Lundi 28 juillet s’est déroulée la journée mondiale contre les hépatites. Une raison pour vous raconter l’histoire de cette maladie en quelques notions clefs.

Malgré les ravages provoqués, les différentes hépatites sont en grande partie méconnues, elles ne sont souvent pas diagnostiquées ni traitées. Plus d’un milliard de personnes sont infectées par une hépatite B ou C.

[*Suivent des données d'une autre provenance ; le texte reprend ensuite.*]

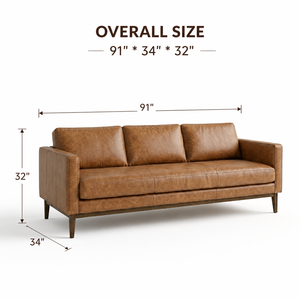 Sofá de Cuero Genuino Marrón con Patas de Madera Maciza, Estilo Moderno de Mediados de Siglo, Sofá de 3 Plazas, Sofá de Cuero Premium y Muebles para Sala de Estar - Product Image 3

« Un tueur silencieux ». L’hépatite est une maladie dont les symptômes sont particulièrement discrets (fatigue, nausée). C’est pourquoi l’Organisation mondiale de la santé (OMS) la surnomme ainsi. Elle est souvent détectée trop tard lorsque le patient atteint l’état de cirrhose.

1,4 millions de morts chaque année à travers le monde. Les hépatites virales sont presque aussi meurtrières que le Sida (1,5 millions de morts) selon l’OMS.

A,B,C,D,E,G,H soit autant de lettres que de formes d’hépatites différentes. Dans le monde, 2 milliards de personnes seraient infectées sans le savoir par l’hépatite B. Les chercheurs soupçonnent l’existence d’une forme d’hépatite F mais les recherches n’ont jamais aboutis.

Gilead, le fameux laboratoire pharmaceutique à l’origine du Truvada est à l’origine d’un traitement oral contre l’hépatite C. Le problème est que ce traitement est aujourd’hui vendu à un tarif inaccessible pour la plupart des personnes. Ce médicament miracle, le Sofusbuvir coûte environ 84 000 dollars (plus de 100 000 euros) pour un traitement de 12 semaines.

La durée de vie des virus des hépatites à l’air libre est de plusieurs jours. Ce temps varie selon les hépatites. Très résistantes, les hépatites se transmettent par contact sanguin, c’est pourquoi il est particulièrement craint dans le milieux médical.

Selon le rapport Morlat, près de 30% des patients infectés par le VIH sont co-infectés par un ou des virus des hépatites. Ces co-infections compliquent la stratégie thérapeutique car le patient concerné doit prendre des traitements anti hépatites à bases d’interférons en plus des anti-rétroviraux qui alourdissent les effets indésirables.